### WORK INSTRUCTIONS
All lines from the one holding "Lady wearing nude" through the last line of the entries below must be transcribed exactly, and no others. Pictures do not go in.

### DATA SHOWN
........

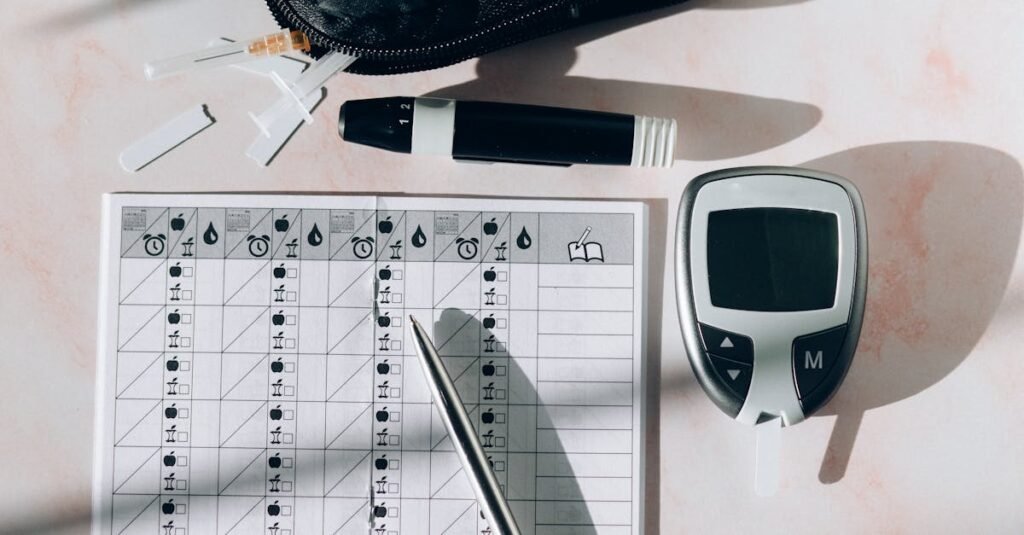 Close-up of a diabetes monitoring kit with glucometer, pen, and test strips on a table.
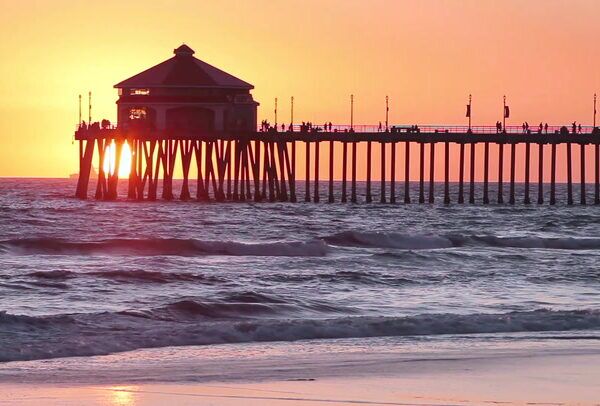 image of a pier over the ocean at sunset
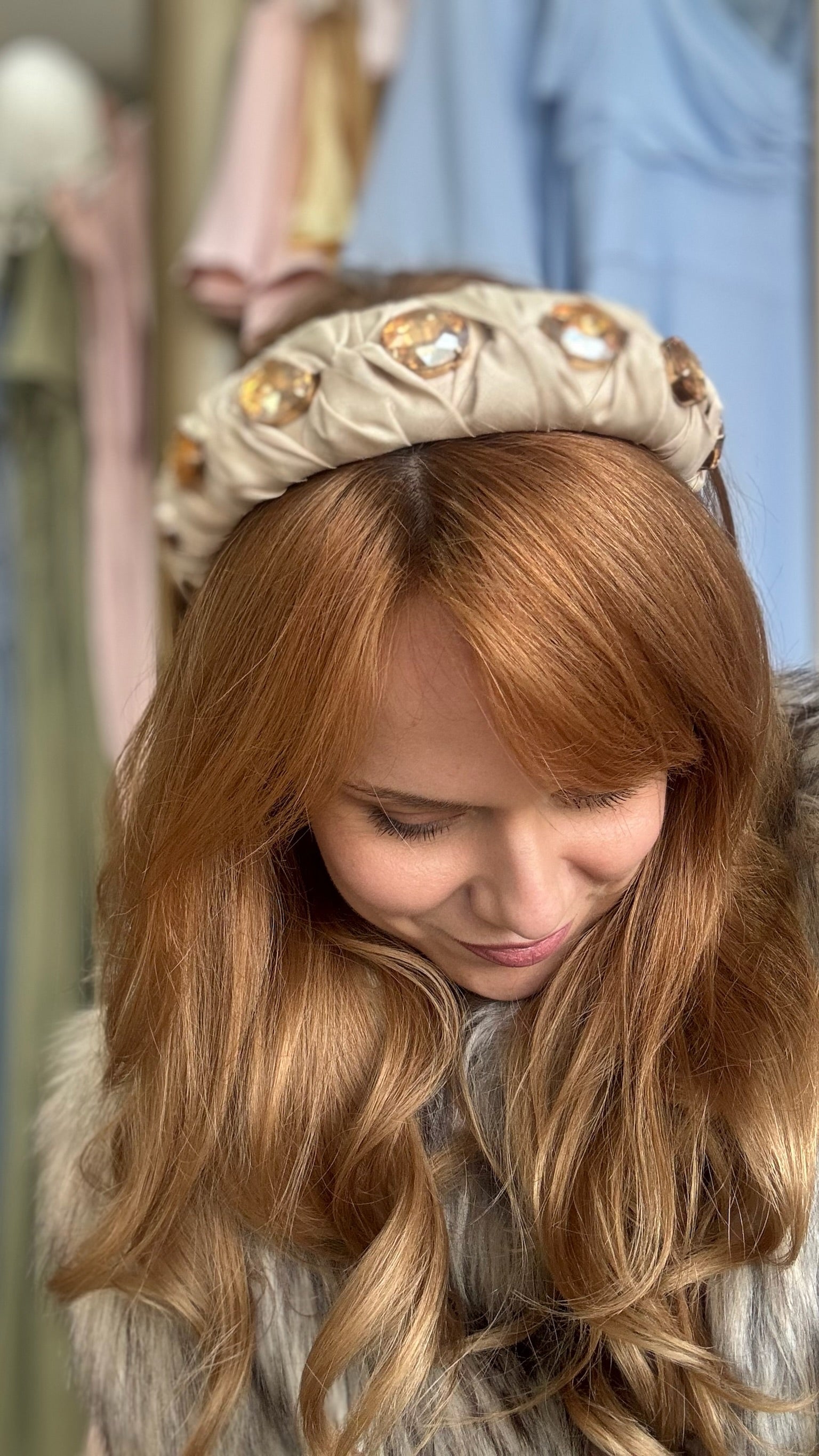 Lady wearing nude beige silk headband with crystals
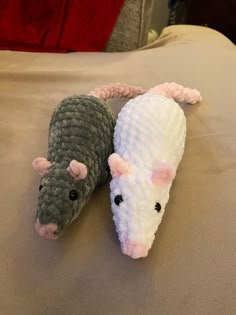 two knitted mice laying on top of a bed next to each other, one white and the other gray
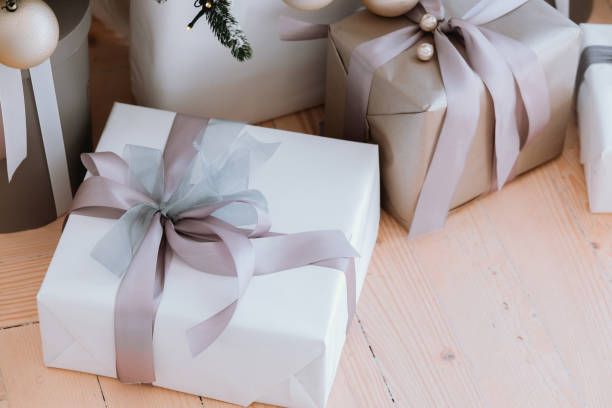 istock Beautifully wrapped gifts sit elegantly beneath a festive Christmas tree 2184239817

........

### TASK RESULT
 Lady wearing nude beige silk headband with crystals
 two knitted mice laying on top of a bed next to each other, one white and the other gray
 istock Beautifully wrapped gifts sit elegantly beneath a festive Christmas tree 2184239817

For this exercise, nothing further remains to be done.